Problem
In the records below, find the line with "LCW Comfort Woman BLACK Dress -S5FO24Z8-CVL", then retype it and every following line exactly, stopping after the line with "1 pieza Jarrón". Leave the pictures out.

Task input
- Opening Delimiter -
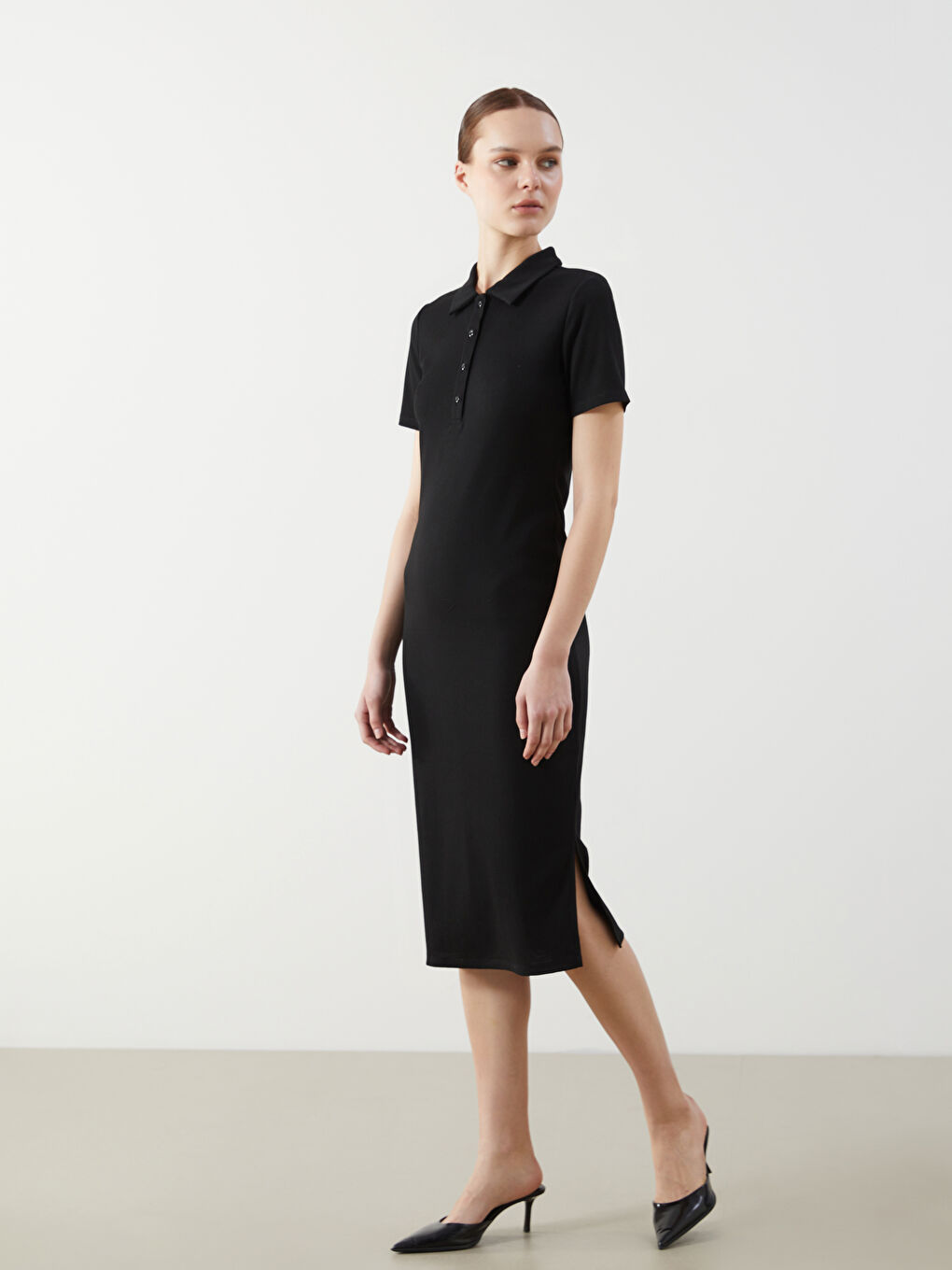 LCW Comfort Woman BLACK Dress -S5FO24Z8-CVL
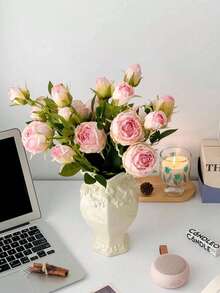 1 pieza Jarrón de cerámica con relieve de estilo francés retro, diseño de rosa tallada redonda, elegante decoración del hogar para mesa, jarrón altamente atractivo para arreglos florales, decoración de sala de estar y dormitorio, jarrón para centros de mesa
- Closing Delimiter -
- Opening Delimiter -
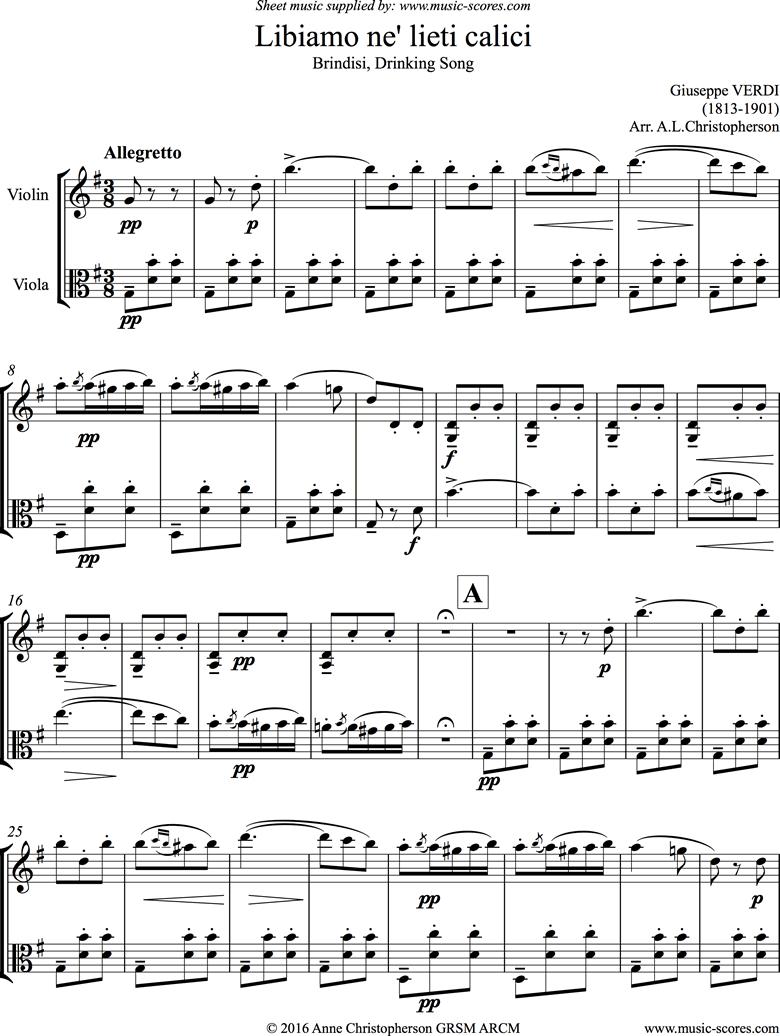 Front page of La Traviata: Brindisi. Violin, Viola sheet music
- Closing Delimiter -
Written solution
 LCW Comfort Woman BLACK Dress -S5FO24Z8-CVL
 1 pieza Jarrón de cerámica con relieve de estilo francés retro, diseño de rosa tallada redonda, elegante decoración del hogar para mesa, jarrón altamente atractivo para arreglos florales, decoración de sala de estar y dormitorio, jarrón para centros de mesa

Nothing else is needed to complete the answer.